Got to love the folks who simply can't understand separating engineering perspectives of a fuel and the government side of it. I just wanted to know why the hate of ethanol from AN ENGINEERING PERSPECTIVE.
From an engineering perspective only:
a) corrosion- ethanol itself has significant corrosion issues in pure state to most metals and swells many rubber like gasket materials. Add ethanol to fuels and some of these corrosion issues remain. The rate of corrosion is slowed but over time, well it only takes one weak point in the fuel system and there can be troubles.
b) affinity towards water. Pure ethanol won’t be pure ethanol for long if kept in an open or even a vented container - it will absorb water from the relative humidity in air. Add ethanol to fuel and you are likely adding water to the fuel too. Fortunately (?) the ethanol keeps the water in the gas solution and it usually doesn’t fall out as free water. But solubility of water in gas is a function of temperature so if the E85 gets colder then some limit you might have water falling out of solution. That water can freeze and then POW! a chunk of ice plugs up the fuel injection nozzle and well you know where that gets you.

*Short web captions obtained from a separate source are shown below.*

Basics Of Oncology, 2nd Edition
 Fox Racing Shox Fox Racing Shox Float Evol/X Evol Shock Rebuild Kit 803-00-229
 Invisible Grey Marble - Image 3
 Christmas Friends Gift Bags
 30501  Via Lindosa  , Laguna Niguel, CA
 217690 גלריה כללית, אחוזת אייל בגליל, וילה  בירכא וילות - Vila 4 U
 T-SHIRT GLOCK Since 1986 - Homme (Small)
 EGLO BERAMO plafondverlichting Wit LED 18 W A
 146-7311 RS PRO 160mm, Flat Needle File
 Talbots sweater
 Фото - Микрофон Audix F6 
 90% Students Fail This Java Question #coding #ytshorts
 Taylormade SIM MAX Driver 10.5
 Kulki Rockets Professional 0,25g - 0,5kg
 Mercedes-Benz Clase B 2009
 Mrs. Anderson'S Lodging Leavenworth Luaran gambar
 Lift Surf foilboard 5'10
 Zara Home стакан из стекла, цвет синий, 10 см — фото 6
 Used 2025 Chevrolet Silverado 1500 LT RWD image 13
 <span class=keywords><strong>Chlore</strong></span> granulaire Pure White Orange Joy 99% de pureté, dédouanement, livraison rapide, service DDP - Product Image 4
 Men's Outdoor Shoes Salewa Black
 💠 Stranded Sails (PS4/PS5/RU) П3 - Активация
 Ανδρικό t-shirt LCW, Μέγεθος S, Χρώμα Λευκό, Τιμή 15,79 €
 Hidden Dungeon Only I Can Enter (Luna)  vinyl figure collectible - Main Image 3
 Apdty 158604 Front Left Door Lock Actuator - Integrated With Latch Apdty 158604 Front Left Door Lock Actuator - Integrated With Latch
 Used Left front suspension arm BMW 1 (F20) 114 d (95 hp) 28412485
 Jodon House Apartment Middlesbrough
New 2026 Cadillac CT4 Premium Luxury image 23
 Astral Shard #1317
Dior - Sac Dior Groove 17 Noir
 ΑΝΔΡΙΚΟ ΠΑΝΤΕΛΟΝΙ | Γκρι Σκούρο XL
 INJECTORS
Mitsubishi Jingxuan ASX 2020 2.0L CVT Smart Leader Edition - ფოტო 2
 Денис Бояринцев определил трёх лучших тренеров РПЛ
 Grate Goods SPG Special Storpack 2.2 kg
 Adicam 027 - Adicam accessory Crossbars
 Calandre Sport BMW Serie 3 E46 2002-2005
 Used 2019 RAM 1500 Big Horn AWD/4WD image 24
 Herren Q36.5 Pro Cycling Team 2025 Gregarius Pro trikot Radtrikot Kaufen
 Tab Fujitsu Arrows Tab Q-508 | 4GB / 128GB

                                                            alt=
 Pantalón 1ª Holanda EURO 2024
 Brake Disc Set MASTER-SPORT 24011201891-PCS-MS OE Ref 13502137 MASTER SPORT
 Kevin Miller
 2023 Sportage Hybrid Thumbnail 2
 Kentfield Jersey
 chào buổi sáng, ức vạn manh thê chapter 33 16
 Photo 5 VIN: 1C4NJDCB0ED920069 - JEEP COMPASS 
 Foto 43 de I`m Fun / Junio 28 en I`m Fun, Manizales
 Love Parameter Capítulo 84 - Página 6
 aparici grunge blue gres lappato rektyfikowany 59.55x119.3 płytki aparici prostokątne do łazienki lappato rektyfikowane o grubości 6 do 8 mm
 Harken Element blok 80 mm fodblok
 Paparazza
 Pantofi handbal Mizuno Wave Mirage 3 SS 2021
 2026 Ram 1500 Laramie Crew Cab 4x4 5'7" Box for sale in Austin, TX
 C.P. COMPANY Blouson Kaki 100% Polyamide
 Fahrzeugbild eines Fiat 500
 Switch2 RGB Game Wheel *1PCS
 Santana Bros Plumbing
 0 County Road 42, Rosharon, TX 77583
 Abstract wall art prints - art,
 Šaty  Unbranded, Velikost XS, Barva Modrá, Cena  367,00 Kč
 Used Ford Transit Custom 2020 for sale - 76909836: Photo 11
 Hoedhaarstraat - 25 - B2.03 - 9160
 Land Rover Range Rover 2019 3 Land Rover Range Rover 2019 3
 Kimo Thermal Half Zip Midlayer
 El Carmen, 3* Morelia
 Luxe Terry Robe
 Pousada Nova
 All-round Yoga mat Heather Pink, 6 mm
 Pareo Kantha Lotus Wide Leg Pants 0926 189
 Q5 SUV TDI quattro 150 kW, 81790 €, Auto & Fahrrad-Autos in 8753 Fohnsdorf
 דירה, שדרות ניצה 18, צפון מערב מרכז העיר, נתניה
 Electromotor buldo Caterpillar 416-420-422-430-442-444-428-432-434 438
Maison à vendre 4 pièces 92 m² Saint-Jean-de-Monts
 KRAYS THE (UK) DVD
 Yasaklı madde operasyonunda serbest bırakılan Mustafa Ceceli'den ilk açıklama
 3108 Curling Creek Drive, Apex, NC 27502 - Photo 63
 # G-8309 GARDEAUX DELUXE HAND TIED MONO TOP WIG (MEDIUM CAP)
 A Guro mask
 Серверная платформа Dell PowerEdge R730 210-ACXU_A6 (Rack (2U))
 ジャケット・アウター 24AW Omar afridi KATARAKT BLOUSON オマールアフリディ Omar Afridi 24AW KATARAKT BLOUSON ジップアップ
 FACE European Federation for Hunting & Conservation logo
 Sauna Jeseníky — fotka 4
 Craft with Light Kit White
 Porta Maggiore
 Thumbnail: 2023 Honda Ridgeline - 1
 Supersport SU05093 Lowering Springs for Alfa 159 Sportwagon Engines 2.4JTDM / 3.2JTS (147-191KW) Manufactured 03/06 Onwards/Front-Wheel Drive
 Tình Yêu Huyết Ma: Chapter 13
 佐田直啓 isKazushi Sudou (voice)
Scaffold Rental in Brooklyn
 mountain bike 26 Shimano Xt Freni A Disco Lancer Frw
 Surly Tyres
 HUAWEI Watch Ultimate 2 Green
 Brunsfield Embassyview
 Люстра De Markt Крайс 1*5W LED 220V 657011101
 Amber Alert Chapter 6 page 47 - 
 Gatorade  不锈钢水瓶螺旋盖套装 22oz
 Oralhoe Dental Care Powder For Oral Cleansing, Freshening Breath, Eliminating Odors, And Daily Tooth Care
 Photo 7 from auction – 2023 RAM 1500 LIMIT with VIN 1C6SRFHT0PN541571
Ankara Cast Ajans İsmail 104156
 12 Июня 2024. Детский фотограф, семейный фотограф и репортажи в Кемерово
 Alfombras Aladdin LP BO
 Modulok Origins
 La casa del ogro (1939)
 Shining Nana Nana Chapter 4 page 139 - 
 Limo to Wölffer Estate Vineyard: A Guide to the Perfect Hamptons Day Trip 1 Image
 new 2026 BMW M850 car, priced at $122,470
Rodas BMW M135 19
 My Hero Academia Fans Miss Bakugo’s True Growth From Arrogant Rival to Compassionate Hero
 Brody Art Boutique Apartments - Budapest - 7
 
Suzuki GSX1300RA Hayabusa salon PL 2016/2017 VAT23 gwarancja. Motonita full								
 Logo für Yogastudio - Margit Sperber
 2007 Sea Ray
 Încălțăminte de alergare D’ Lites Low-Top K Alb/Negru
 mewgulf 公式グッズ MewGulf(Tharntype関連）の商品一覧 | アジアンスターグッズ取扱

c) sustainability and environmental considerations - Yes, the carbon from burning ethanol is does not increase the carbon in the atmosphere since the carbon came from photosynthesis using the CO2 naturally in air. However, the energy used to manufacture the farm fertilizers, run the farm equipment, process corn it in the production plant and transport the ethanol to blending sites etc. comes from fossil fuels. Ethanol is sold to the public as some kind of savior since it (pure corn derived ethanol) is carbon cycle neutral. That is a deception the Ethanol proponents are aware of but go out of the way to not correct.
The problem is that the government chose to ignore these engineering issues and sell the sizzle and ignore the smoke.